Don Hollingsworth won the class by a big margin, and was 3rd O.A. behind a couple of Vintage Superbike Lightweights, on the same CRTT H-D Sprint that he used to win the 1968 Daytona Novice race.
The next day, I decided that my carburetion problem was an ignition problem.  The motor seem to run fine below 5K rpm and, if I really screamed it, would pull high rpms.  The problem was getting to those  high rpms.  So, I geared it down, and it seemed a little better.  Our practice ended at perhaps 10:30a and we had to wait to perhaps 3:30p for the CCS races to finish and the AHRMA races to start.  On the warm-up lap of my first race, the 350GP, the motor dropped a valve and made a mess.  I haven't pulled the head off yet, but the spark plug was hard coming out and smashed up and there was debris in the exhaust pipe.  If it had dropped the valve on the last lap of practice instead of the warm-up lap of the race, I could have packed up 5 hours earlier.  Life is cruel.

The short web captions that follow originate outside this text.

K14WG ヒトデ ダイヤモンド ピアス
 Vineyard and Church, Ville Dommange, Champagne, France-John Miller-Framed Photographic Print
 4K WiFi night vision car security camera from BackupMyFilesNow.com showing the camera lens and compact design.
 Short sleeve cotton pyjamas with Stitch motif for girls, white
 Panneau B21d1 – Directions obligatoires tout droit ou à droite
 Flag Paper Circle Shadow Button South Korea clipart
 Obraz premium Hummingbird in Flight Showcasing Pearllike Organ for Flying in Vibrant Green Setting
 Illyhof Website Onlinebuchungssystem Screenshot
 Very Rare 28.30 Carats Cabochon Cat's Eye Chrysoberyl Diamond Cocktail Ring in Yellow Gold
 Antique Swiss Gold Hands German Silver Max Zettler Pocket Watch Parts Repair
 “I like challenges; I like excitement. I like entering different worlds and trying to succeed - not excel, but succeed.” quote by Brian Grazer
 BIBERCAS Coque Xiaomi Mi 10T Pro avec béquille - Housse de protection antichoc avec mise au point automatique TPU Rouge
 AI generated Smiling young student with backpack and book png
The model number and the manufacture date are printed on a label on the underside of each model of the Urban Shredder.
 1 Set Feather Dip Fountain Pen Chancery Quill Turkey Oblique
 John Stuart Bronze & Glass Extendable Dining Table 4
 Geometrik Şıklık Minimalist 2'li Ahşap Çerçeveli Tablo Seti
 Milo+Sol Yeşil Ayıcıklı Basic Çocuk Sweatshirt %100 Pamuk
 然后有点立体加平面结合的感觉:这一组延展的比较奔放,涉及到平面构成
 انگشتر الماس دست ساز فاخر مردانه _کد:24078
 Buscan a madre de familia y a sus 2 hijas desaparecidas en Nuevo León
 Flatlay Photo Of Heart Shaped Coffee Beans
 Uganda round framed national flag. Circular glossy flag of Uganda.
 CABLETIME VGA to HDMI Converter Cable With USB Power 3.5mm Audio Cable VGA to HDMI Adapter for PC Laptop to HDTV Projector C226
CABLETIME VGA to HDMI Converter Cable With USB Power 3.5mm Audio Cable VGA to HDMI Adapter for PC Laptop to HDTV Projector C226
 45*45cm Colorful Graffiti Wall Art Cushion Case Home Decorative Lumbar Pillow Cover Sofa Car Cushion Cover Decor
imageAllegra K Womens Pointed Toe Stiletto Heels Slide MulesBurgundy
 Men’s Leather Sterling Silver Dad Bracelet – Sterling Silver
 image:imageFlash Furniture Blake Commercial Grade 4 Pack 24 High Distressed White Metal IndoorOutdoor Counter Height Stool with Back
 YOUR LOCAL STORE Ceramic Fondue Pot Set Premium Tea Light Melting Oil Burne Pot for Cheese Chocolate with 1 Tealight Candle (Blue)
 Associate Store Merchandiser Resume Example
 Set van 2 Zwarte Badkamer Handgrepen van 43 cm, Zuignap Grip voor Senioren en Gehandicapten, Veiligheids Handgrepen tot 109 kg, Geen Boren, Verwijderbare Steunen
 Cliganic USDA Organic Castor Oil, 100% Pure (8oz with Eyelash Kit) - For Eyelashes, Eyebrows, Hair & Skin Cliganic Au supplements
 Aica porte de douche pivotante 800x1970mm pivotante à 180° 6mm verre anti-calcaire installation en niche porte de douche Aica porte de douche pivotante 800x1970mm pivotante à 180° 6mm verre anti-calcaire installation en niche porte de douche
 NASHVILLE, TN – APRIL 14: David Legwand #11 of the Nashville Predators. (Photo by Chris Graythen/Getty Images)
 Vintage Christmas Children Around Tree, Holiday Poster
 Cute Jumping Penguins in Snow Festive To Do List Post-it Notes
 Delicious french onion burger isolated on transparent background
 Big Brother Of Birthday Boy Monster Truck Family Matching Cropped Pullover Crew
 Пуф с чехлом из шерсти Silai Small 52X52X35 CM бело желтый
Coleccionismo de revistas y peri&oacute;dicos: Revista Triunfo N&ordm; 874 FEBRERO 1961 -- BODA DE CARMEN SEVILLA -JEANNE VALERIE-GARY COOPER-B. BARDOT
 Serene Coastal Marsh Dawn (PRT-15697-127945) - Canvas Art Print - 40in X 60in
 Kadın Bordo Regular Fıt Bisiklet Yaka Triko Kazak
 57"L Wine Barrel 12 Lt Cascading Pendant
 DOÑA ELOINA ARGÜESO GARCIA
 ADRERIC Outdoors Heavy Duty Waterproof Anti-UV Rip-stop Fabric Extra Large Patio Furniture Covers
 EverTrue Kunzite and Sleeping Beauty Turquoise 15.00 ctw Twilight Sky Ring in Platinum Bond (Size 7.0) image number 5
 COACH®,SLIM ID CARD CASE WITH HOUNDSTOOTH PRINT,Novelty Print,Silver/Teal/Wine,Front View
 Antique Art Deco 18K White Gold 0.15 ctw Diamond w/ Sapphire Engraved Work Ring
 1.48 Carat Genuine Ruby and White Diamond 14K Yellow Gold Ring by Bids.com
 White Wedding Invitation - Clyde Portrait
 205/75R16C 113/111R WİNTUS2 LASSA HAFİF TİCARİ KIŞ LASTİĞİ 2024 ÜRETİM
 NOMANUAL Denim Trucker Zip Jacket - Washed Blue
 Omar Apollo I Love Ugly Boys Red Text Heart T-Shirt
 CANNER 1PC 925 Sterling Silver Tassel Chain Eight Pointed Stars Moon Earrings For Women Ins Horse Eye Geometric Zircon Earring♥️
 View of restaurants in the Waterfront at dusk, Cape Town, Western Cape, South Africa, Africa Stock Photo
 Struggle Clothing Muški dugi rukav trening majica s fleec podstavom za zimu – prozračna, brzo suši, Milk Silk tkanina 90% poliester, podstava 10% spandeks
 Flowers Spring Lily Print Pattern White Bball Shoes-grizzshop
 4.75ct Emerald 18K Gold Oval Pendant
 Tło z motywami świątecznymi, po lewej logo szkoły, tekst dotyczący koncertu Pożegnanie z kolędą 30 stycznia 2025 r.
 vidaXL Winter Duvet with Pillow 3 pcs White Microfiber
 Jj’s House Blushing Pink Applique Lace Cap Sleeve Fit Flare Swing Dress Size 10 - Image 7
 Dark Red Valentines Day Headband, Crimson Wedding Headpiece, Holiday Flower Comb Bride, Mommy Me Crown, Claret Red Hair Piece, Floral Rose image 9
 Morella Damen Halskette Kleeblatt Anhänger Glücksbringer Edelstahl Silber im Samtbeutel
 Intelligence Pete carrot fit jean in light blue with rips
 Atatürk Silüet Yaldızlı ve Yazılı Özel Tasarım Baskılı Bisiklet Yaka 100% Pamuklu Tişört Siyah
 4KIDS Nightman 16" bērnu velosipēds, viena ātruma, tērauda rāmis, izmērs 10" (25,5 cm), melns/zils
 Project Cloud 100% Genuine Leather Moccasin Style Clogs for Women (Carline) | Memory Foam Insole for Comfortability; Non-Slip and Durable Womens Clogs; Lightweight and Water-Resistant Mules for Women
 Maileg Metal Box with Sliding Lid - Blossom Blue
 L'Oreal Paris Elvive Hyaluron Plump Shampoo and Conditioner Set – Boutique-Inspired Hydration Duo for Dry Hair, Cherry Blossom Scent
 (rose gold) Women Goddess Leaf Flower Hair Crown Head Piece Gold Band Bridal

I thought this was a pretty neat in line radiator on Barrett Long's 125
So, a rather definitive end to my 2014 racing season.  An equally definitive end was having my right ankle replaced four days later.  This goes back to that fateful day in 1977 when I hit the diesel fuel on the off ramp from the Goldstar Memorial Bridge in Groton, Ct. while riding my Norton Commando and sliding feet first over the kerb and under the guardrail and braking my talus.  The ankle has gradually deteriorated since then and I decided last spring the time had come to replace it.  So, I scheduled it for right after the racing season and I should be fit near the start of the '15 season, though I may have to miss the first round, or so.  The operation seemed to go well and I'm at my brother house right now recovering, with good confidence for the future.
My CRTT with Don Hollingsworth snoozing in the backround
The Hollingsworth pit was a bee hive of activity.  Al & Dick snoozing
Don Hollingsworth's 250 on the left and Dick's 350 on the right
The evergreen Ken Nemoto brought his Guzzi from Tokyo again.  Neik Leeuwis from Holland was the other foreign competitor at Daytona.  Both talked of going to Barber next year.